This reminds me of a study conducted by researchers who explored this issue. They devised an experiment in a grocery store where only two or three brands of olive oil had been available for a long time. They proposed to the store owner to expand the selection by offering more brands, thinking it would better meet customer expectations. However, faced with an overwhelming number of choices, customers became indecisive and perplexed by the selection, leading to a decline in sales. This seemingly trivial example highlights two essential behaviors: the cognitive effort required to be confident in making the right choice and the fatigue, even distress, that can result. This decision fatigue can lead to impulsive purchases simply to end the indecision, to the "easy" purchase, or to abandoning the purchase altogether.
Making an informed decision indeed requires considerable effort, as it is a multifactorial process. We must analyze multiple variables and synthesize them quickly, often within minutes, like when faced with an overcrowded grocery aisle. For everyone, it is an even greater challenge in an already busy day. This is precisely why we develop shopping habits: they allow us to make decisions more quickly by relying on past choices. However, novelty always seeks to capture our attention and disrupt these habits, or even integrate into them.
Whether it is an individual decision as trivial as choosing a package of pasta or a collective decision such as selecting furniture for a school, every choice involves a process and often a consensus. To properly define this process, it is essential to analyze the context in which the decision is made. Who is the product intended for? Where will it be used? Where does it come from? What uses does it offer? Thus, before analyzing the product itself, one must first examine its context. Simplifying decision-making, therefore, involves a better understanding of our real needs. But in reality, I believe it would be reductive to focus solely on needs—it goes even further: it is about considering the complete experience we will have with the product, which is often the most challenging aspect.
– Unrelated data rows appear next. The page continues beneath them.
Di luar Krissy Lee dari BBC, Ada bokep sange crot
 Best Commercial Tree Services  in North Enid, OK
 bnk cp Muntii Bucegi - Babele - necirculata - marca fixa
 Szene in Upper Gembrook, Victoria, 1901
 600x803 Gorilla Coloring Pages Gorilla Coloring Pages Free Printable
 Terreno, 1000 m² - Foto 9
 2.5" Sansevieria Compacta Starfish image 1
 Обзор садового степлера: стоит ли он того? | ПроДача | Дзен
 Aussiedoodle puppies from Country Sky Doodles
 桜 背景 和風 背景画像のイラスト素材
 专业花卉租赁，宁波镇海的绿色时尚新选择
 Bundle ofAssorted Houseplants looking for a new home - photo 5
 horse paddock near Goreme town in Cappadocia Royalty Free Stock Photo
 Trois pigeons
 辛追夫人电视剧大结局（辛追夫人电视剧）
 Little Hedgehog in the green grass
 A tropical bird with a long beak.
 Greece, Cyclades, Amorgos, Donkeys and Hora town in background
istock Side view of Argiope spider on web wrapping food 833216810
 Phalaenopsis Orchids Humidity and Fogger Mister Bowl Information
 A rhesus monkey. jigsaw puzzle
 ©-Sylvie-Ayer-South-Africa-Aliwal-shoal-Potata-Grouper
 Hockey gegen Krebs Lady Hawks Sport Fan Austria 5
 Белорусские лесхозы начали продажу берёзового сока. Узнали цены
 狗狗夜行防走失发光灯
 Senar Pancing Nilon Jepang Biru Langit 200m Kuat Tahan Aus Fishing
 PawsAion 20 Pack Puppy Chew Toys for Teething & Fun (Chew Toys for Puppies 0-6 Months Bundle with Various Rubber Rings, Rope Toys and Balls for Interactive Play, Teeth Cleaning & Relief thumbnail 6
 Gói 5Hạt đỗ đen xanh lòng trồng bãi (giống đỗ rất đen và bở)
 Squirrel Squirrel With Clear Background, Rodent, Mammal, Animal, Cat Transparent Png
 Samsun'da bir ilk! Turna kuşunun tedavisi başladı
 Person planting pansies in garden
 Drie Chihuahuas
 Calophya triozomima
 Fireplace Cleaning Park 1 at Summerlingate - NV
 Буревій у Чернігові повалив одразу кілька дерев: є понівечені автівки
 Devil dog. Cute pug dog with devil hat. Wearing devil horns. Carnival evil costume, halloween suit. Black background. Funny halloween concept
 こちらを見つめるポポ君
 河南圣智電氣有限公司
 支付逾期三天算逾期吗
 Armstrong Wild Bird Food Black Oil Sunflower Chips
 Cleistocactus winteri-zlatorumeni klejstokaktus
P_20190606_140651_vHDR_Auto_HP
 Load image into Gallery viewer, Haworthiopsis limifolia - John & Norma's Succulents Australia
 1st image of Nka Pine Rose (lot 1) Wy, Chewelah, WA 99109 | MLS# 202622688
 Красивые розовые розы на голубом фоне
In 2008, I completed my master’s thesis in Helsinki, Finland, entitled Toward Meaningfulness. This work explored the relationships between individuals and their material culture, questioning the reasons for our attachment to objects and the motivations that drive us to choose and engage with them. According to two Dutch researchers from Delft University (Hekkert and Desmet), our experience with a product is based on three fundamental concepts: meaning, emotion, and aesthetics. Aesthetics correspond to the sensory perception of the object (touch, sight, hearing, etc.). Meaning refers to the more rational dimension of the product: its utility, impact, significance, and the memories it can evoke. Finally, emotion defines the affective relationship we have with the object, explaining why we react differently to certain products. This emotional dimension can strengthen or break our bond with an object.
Thus, it is essential that products be designed and acquired with the ultimate goal of generating a positive experience, not only for us but also for our environment. Too often, we separate humans from nature, whereas the latter can exist without us, while the reverse is not true. Our choices should therefore be guided by this positive experience, which combines meaning, emotion, and aesthetics. But in reality, how does this translate? What truly characterizes these multifactorial decisions? And even, could artificial intelligence help us make better choices? It is quite possible, but beyond the choice itself, the answer lies first and foremost in our hearts and minds.